Наконец Окуджава появился, мы сели в гостиной, и я, наскоро что-то пробормотав, дала ему стихи. Мимо все время проходили люди, мне казалось, что они поглядывают с усмешкой, и я видела нас со стороны: известный поэт листает пачку стихов очередной сочинительницы, а она, бледная, зорко следит за ним. Окуджава что-нибудь говорил, и я близоруко припадала к листу. Он почувствовал, что мне несколько не по себе, и непонятно как снял эту скованность. Мы говорили о стихах, беседа наша была несуетна и прекрасна – но ее прервали. Перед нами остановился подвыпивший человек и расплылся в широкой улыбке: «Здравствуйте!»

– Здравствуйте… – Булат Шалвович вопросительно посмотрел на меня; легкий дух скандала возник в воздухе, и я тоскливо вжалась в кресло. «Не узнаете меня? – уже прямо к нему обратился пьяненький. – Мы же в «Дружбе народов» были на прошлой неделе. Пили вместе, было такое дело?» «Было», – нерешительно подтвердил поэт. «Ну, вспомнили? А я уж думаю, как же так, не признает меня Григорий Семенович? Здрасте!» «Вы ошиблись. Я Булат Окуджава», – приосанившись, ответил Булат Шалвович. Пьяный смешался. «Окуджава? Нет, не помню, ошибся. Извиняюсь, что влез в компанию…», – поклонился, чудом сохранив равновесие, и потек к ресторану. Поэт расстроился сразу и невыносимо. Он помолчал, глядя в пол, потом со вздохом собрал мои листки.

– Спасибо за стихи. Будете в Москве, звоните. Я теперь буду вас помнить и следить за публикациями.

Тут я, хотя и была удручена, рассмеялась. Он кивнул. «В Москву надо переезжать, – задумчиво сказал Окуджава и поглядел на резную лестницу, дубовые двери, вьюгу за окном и на снующих осенними мухами литераторов. – Переезжайте сюда, здесь легче…». Мы простились, я прошла мимо стойки администратора, толкнула тяжелую дверь и вышла.
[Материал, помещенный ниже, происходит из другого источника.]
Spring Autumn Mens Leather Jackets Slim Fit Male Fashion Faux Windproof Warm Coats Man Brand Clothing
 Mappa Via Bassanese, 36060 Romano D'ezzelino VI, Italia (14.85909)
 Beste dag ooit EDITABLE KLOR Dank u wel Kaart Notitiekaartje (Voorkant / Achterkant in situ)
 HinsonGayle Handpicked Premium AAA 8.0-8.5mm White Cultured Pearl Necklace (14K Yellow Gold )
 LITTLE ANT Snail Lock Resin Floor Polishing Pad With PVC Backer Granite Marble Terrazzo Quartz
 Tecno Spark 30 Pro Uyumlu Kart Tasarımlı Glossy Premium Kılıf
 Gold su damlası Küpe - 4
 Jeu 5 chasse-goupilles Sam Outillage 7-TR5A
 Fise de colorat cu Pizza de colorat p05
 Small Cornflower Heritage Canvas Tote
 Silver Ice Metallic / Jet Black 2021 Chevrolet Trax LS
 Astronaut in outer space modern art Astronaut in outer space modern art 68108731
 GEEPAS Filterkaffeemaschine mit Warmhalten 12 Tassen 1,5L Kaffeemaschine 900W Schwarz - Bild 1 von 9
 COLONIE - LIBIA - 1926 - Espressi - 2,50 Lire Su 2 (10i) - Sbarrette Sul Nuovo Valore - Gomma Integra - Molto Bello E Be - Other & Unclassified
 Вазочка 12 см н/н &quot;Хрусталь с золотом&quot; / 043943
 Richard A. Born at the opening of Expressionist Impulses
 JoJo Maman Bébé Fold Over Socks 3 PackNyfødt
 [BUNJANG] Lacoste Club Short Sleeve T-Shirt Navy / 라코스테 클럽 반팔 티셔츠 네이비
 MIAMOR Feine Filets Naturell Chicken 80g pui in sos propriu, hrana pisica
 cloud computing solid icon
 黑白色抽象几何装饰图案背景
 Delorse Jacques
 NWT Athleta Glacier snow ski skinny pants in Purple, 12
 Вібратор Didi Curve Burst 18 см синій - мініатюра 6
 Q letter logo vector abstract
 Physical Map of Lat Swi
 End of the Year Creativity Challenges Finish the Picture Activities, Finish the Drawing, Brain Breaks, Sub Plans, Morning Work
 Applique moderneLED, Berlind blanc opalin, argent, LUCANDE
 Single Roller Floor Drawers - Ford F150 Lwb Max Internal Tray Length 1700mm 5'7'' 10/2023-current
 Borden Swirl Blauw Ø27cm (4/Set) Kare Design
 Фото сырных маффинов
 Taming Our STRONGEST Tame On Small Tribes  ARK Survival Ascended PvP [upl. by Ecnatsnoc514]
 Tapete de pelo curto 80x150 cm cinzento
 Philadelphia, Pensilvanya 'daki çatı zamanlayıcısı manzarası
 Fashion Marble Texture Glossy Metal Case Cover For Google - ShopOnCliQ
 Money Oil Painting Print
Машины у подъезда были занесены снегом, улочка пустела, и только милиционер на противоположной стороне, застыв, как в предсмертной истоме, едва заметно переминался с ноги на ногу. Писательский дом на высоком цоколе горел люстрами, был натоплен и разукрашен изнутри, как сусальный дворец, приготовленный в подарок к Рождеству. Я перелезла через сугробы, и милиционер объяснил, как выбраться к метро.

– В Москве легче, – бормотала я, пробираясь сквозь снеговую стену.

– В Москве лучше... – рассудительно отвечал кто-то невидимый рядом, и эта беседа скрасила неблизкий путь домой.